Mengantisipasi hal yang disebutkan terjadi lagi, Kementerian Bidang Kesehatan (Kemenkes) RI menyebutkan skrining kebugaran pada petugas pemilihan dapat menghindari persoalan hukum kelelahan yang dimaksud dapat berujung pada kematian. 

“Upaya untuk menjaga dari tentunya dengan memverifikasi petugas pemilihan raya memang sebenarnya cakap sehat jasmani lalu rohani untuk melakukan tugas tersebut,” kata Kepala Biro Komunikasi dan juga Pelayanan Publik Kemenkes Siti Nadia Tarmizi, seperti dikutipkan dari ANTARA, baru-baru ini. 

Selain itu, Nadia menyebutkan sarana pelayanan kebugaran (fasyankes) setempat juga dipersiapkan apabila terjadi keadaan darurat atau emergency.

Kepala Biro Komunikasi kemudian Pelayanan Publik Kementerian Kesejahteraan Siti Nadia Tarmizi. (Suara.com/Novian)
Kepala Biro Komunikasi kemudian Pelayanan Publik Kementerian Bidang Kesehatan Siti Nadia Tarmizi. (Suara.com/Novian)

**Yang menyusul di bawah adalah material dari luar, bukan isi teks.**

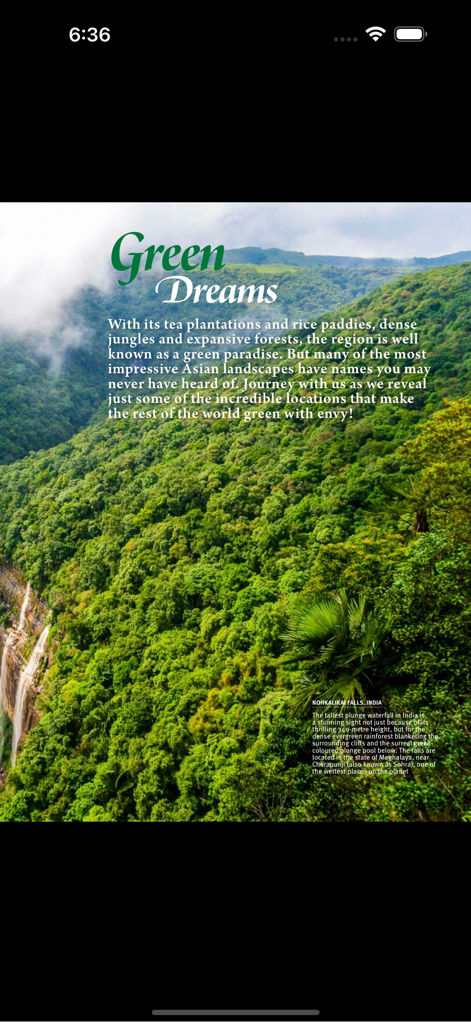 ASIAN Geographic Magazine - Lush green forest landscape and Nohkalikai Falls in India
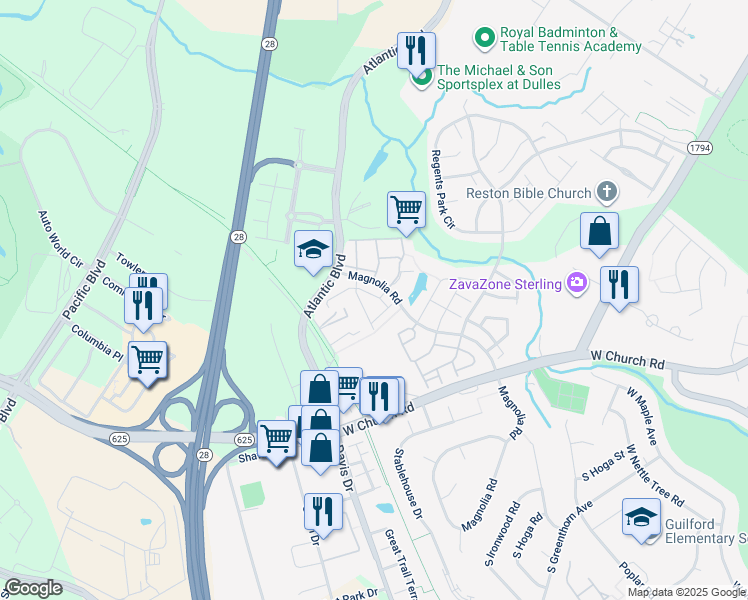 map of restaurants, bars, coffee shops, grocery stores, and more near 45485 Baggett Terrace in Sterling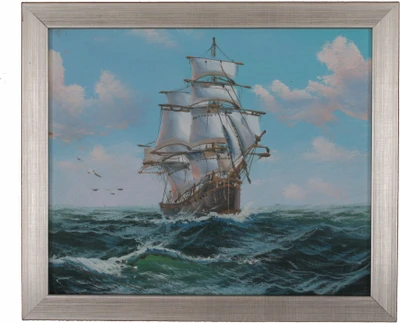 9% OFF on Canvas Painting Of A Ship Canvas Art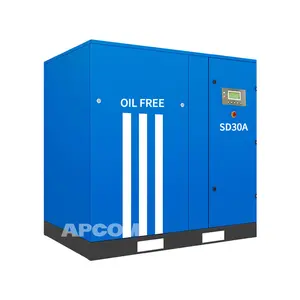 30KW คอมเพรสเซอร์แอร์ apcom 40HP น้ำมันปั๊มลม30 KW 40 HP ปราศจากน้ำมัน10bar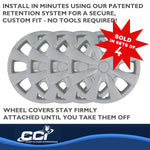 Coast2Coast Wheel Cover, 15 in, 8 Spoke, Set Of 4 - IWC45015S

Terkait kriteria skrining petugas Pemilu, ia menyebutkan seluruhnya diserahkan sesuai dengan fasyankes masing-masing sesuai ketentuan yang ada.
 
Untuk itu, Nadia meminta untuk seluruh petugas pilpres untuk melakukan skrining, dengan terlebih dahulu membaca pedoman Skrining Riwayat Kesejahteraan serta Optimalisasi Kepesertaan Aktif Inisiatif Pemastian Bidang Kesehatan Nasional bagi Petugas Penyelenggara pemilihan kemudian pemilihan kepala daerah 2024 yang dimaksud diterbitkan oleh Kementerian Dalam Negeri (Kemendagri), Komisi Pemilihan Umum (KPU), Badan Pengawas Pemilihan Umum (Bawaslu), lalu Badan Penyelenggara Keamanan Sosial (BPJS) Kesehatan.   

Terkait hal tersebut, BPJS Aspek Kesehatan telah terjadi mengundang seluruh petugas pelopor pemilihan raya 2024 untuk mengecek kesiapan kemampuan fisik melalui infrastruktur skrining riwayat kemampuan fisik yang mana dapat diakses di jaringan (daring) secara gratis.
 
“Pengisian skrining riwayat kebugaran telah dapat diakses sejak 2 Januari 2024,” kata Asisten Deputi Komunikasi Publik lalu Humas BPJS Aspek Kesehatan Agustian Fardianto.

Ardi menyebutkan ketentuan skrining kebugaran berlaku bagi seluruh petugas KPU yang dimaksud merupakan petugas pelaksana Pemilihan Umum lalu pemilihan gubernur 2024, yang dimaksud terdaftar pada sistem informasi data petugas KPU atau Aplikasi Sistem Berita Anggota KPU dan juga Badan Ad Hoc (SIAKBA).

Skrining riwayat kebugaran mampu diakses melalui Aplikasi komputer Mobile JKN, laman web BPJS Kesehatan, atau Chat Asisstant BPJS Bidang Kesehatan (CHIKA).